- Israel halted a controversial plan that would have displaced tens of thousands of Bedouins
- The plan, which angered the Bedouins, did not get enough votes in parliament
- The aim was to integrate the historic farming community more into Israeli society
Israel has halted a plan that would have displaced tens of thousands of Bedouins in the southern part of the country.
The controversial plan would have involved destroying "unrecognized" villages in the Negev, and resettling the displaced Bedouin citizens into "recognized" villages.
Benny Begin, a former lawmaker who helped construct the plan, said Thursday it does not have enough votes in the Knesset, the Israeli parliament, to move forward.
The Prawer Plan was based on an effort to better integrate Israel's Bedouin population into Israeli society.
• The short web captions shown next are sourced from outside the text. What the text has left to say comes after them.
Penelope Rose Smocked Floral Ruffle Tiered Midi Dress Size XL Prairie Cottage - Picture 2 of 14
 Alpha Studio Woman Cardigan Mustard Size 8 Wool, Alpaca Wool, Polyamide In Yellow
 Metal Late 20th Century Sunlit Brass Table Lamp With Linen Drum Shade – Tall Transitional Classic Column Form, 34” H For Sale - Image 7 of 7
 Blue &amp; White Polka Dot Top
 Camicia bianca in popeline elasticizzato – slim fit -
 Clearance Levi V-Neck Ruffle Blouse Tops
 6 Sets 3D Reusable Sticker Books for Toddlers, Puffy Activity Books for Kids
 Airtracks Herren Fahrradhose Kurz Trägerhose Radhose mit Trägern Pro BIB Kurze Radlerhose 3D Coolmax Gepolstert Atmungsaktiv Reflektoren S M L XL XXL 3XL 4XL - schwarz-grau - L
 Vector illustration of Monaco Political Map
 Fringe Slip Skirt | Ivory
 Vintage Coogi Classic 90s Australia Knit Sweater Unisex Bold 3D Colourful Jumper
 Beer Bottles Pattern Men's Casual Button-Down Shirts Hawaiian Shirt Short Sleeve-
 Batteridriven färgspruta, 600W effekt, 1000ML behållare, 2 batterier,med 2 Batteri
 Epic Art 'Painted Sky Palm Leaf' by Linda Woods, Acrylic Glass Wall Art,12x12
Following recommendations of a committee chaired by retired Supreme Court Justice Eliezer Goldberg, the Israeli Cabinet approved a plan in 2011. The Cabinet also approved more economic development in the Bedouin sector of the Negev, the government said at the time.
But the plan to displace Bedouins sparked anger. Last month, Israeli riot police broke up a demonstration comprising more than 1,000 people who were protesting.
According to Israeli sources, more than 40,000 Bedouins would have been affected by the plan; Bedouin elders estimate the total at more than 70,000.
In a statement Thursday, Begin said he has suggested that the law be halted, but efforts to develop the Bedouin communities in the Negev continue. Prime Minister Benjamin Netanyahu "accepted my suggestion," he said.